Bölüm 0.2: Meleklerde Hata Yapar Ama Sonuçları Ölümcül Olur

63K 5.8K 815
                                    

Genç kız gözlerini aydınlık gökyüzüne aralamadan önce vücuduna değen serin rüzgarı hissetti. Burnunda ormanın bilindik kokusu vardı. Bilinci yerine gelirken yavaş yavaş vücudunu da hissediyordu. En son nerede olduğunu hatırlamaya çalıştı. Tam o anda fiziki değil ama ruhen acıyı hissetti. Bir anda kapakları açılan baraj suları gibi anıları zihnine dolmaya başlamıştı.

O bileklerini kesmişti.

Yaşadığı tüm kötü şeylerden kurtulmak için.
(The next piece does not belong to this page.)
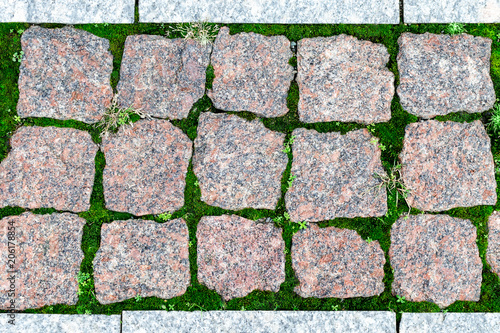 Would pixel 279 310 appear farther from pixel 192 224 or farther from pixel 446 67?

Yavaşça gözlerini araladığında parlak gün gözlerine doldu. Refleksle gözlerini kısmıştı ama bir süre sonra güneşin gözlerini acıtmadığını fark etmişti. Kuşların cıvıltısı, esen rüzgarla dans eden ağaçların sesi ona yeşille bezenmiş bir alanda olduğunu adeta söylüyordu. Buraya gelmek kesinlikle kendi tercihi olamazdı. O, ormanlık alanlardan nefret ederdi. Kent insanı olarak görürdü her zaman kendini. Esen rüzgar ile yüzüne gelen saçlarını geriye dalgın bir şekilde itti. 
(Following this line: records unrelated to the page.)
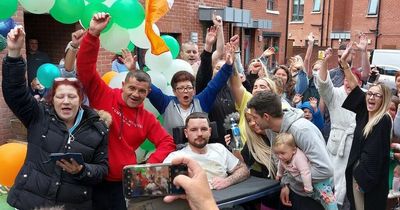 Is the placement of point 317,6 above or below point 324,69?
above

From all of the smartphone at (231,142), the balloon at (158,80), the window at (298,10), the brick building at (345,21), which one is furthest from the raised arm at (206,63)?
the window at (298,10)

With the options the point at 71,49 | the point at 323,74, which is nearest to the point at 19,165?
the point at 71,49

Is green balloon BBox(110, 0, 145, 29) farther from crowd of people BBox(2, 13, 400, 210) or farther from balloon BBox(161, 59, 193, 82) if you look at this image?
balloon BBox(161, 59, 193, 82)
'Ben öldüm mü?' Diye düşündü ister istemez.

"Evet, hem öldün hemde ölmedin."

Asel, yanından gelen yabancı sesle oturduğu yerden zıpladı. Tamamen hazırlıksız yakalanmıştı. Bakışlarını sesin geldiği yöne çevirdiğinde yüzüne çelik kadar güçlü bir maske yerleştirdi. Biraz ilerisinde genç görünümlü, beyaz saçları örgünü bir halde omzundan aşağıya sarkan bir kadın büyükçe bir taşın üzerinde oturuyordu. Üzerinde eskilerin hippi* dediği insanlara benzer kıyafetler vardı. Bütün parmaklarında yüzük takılıydı ve boynunda birden fazla kolye vardı. Asel o kolyelerin oldukça ağır olduğunu düşündü. Hangi deli boyun sağlığını bu şekilde riske atardıki?
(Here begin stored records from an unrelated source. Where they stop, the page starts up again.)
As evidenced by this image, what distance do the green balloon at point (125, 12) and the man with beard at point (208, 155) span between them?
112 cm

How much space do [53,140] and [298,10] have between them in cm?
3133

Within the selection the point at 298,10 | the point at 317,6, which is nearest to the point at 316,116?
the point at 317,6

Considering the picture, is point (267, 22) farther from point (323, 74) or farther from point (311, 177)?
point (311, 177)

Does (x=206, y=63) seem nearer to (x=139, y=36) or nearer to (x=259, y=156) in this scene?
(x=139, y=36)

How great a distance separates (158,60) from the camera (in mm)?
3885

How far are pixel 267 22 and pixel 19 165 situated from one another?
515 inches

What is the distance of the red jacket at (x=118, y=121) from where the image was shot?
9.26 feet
"Sende kimsin. Lanet olsun beni korkuttun." dedi elini kalbinin atması gereken yere götürdü ama herhangi bir hareket hissedemedi. Ah evet kesinlikle ölmüştü. Sonunda insanlar ondan kurtulmuştu. Bu düşünce nedense gözlerinin yaşlarla dolmasına neden oldu. Onca yaşanılan şeylere rağmen bir tarafı hala yaşama isteği ile doluydu.

"Cık cık cık" Genç kadın onaylamayan bir tavırla başını sağa sola salladığında örgüsüde göğsünün üzerinde hareket etti. "Senin gibi tatlı bir kıza lanet etmek yakışmıyor." Dedi annesi gibi uyaran bir ses tonuyla. Daha doğrusu üvey annesi. Genç kız hiçbir zamana gerçek annesini tanıyamamıştı. Ona bu fırsat hiç verilmemişti.

Asel öfkeyle yumruklarını sıktı. Ama bedeninde bir şey hissetmiyordu. Bir tüy kadar hafifti sanki.

"Burası neresi?" dedi konuşurken düşüncelerinden sıyrılabileceğini düşündü. 

Genç kadın yumuşak bir ifadeyle gülümsedi. Bakışlarında şefkat olabilecek duygu ışıltıları dolanıyordu.  "Araf."

Demek cennet ve cehennem arası bir yerdeydi. Onca yaptıklarından sonra direk cehenneme gideceğini düşünürdü oysa. Demek cehenneme bile kabul edilemeyecek kadar kötü biriydi.  Kadından gözlerini ayırmadan ayağa kalktı.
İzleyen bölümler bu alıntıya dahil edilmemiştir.